This, of course, is the same Alex Salmond, whose self-titled television chat show airs on the Kremlin-backed RT station and whose decision to align himself with the broadcaster has come in for intense scrutiny before now.
There are plenty of Salmond supporters who seem prepared to accept the former SNP leader with a clean slate; who are willing to see past his recent controversies and put their faith in the political nous which took the Scottish independence movement closer than it has ever come to achieving his life’s ambition.
Perhaps they will also be content to bat off his softly softly approach to a regime whose human rights abuses, hacking misadventures, foreign election interference – amid a host of other issues – put it at odds with most western democracies.
But plenty others will question his timidity in this case and the appropriateness of his relationships with RT and the Russian state.
His new guise finds him increasingly at odds with the political establishment in this country and he has shown no qualms in squaring up to his domestic rivals.
In the same interview on Wednesday morning, he took a swipe at his successor, saying she had shown insufficient urgency in her pursuit of independence over the last five years.

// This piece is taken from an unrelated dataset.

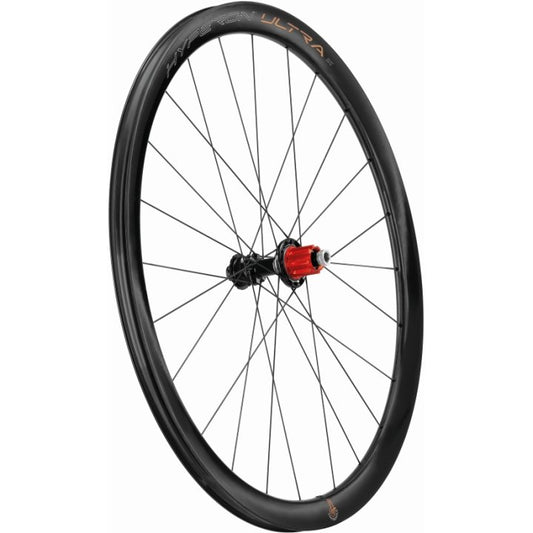 Campagnolo Hyperon Ultra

By downplaying the threat from Moscow, he left an open goal for political opponents here, who were quick to accuse him of being an apologist for the Putin regime, a spinner of Russian propaganda and in the pocket of his Kremlin paymasters.
Mr Salmond has been at pains to point out he is not employed directly by RT, insisting he does not take editorial direction from the Russian state broadcaster.
Perhaps not, but his association with it – and his refusal to distance himself from its government’s worst excesses – lends Putin’s practices a legitimacy which most right-minded Scots will find abhorrent.
You can tell a lot about a man from the company he keeps and his judgement in this matter does not reflect well on him.